The entire health care industry has struggled with coming up with both quality and cost measurements for specialties other than primary care that are meaningful to patients, meaningful to doctors, and provide meaningful differences in performance. As currently written, MACRA lumps everyone in as an eligible clinician. In its, update MACRA should specifically allow CMS to create specialty-centered value arrangements. The previously outlined virtual groups combine total cost of care with quality measures that speak directly to primary care. The Comprehensive Joint Replacement (CJR) Model certainly speaks more directly to orthopedics than does total cost of care as a cost measure.

The vision here is not to mandate participation in APMs—MSSP, CJR, or otherwise. Rather, the updated MACRA would take the learning from APMs in cost and quality measurement and apply them to eligible clinicians to determine the adjustments to the fee schedule in valid ways that speak to the different specialties in health care.

Encouraging APM Participation

In addition to creating a far more obvious transition from the MIPS side of MACRA with the revisions we proposed, Congress should extend the direct incentive in MACRA for another 3 years. MACRA created a 5% bonus payment for advanced APM (AAPM) participation. Unfortunately, it does little to encourage the participation of smaller practices. This is not because 5% is not enough, it is because the timeline for receipt destroys the behavioral effects on the new entry.
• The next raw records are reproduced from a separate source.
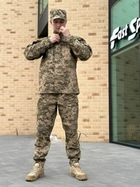 Військова тактична форма Піксель польова статутна форма ріп стоп ЗСУ комплект одяг штани та кітель 50 - зображення 12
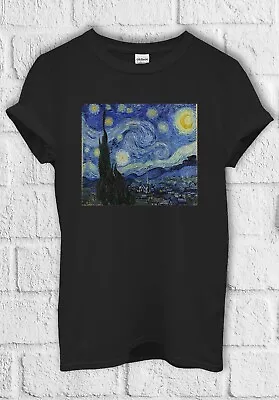Buy Starry Night Vincent Van Gogh T Shirt Men Women Hoodie Sweatshirt Unisex  1714 • 11.95£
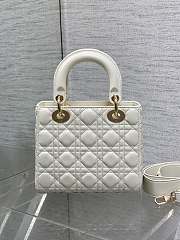 Dior Small Lady My ABC Bag Lambskin White 20cm - 4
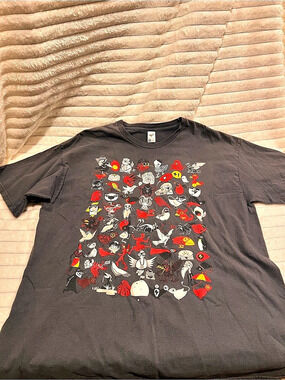 Tee Fury Graphic Tee in Black & Red Size XL Like New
A physician who joins an AAPM for 2022 will need to make that decision no later than July 2021. They will not receive their participation bonus until August of 2024, a full 3 years after they made the decision to participate. You do not need a complex understanding of behavioral economics to see the wind disappear from the sails of this incentive.

This timeline has created a negative effect on new entrants. If CMS can wait 2 years just to process a participation bonus, what is the urgency of joining an AAPM at all? CMS has maintained that the language of MACRA requires this timeline, but Congress should extend the AAPM bonus for another 3 years and require CMS to make the participation bonus payment to participants no later than 3 months after participation in an AAPM begins.

Summary

Congress can take the learning of MACRA and other value models to date to give millions more Medicare beneficiaries the benefit of these efforts.

In summary, Congress should update MACRA to:

  • Assign all primary care clinicians not in APMs to virtual groups that will be subject to the full range of MIPS value payment adjustments as originally envisioned by MACRA,
  • Give CMS the latitude to build specialty-specific versions of MIPS that will be subject to the full range of MIPS value payment adjustments as originally envisioned by MACRA, and
  • Extend the AAPM bonus 3 years and create a timeline for it that encourages participation now.

Travis Broome is senior vice president of policy and economics at Aledade, which helps doctors stay independent and thrive in the transition to value-based care. Joining Aledade early on, Travis helped Aledade grow from 2 accountable care organizations (ACOs) to 20 ACOs. Today, he is a thought leader on accountable care and is responsible for strategy development, policy analysis, and economic modeling. Prior to Aledade, Travis was a regional director at CMS. He earned his MPH and MBA from the University of Alabama at Birmingham.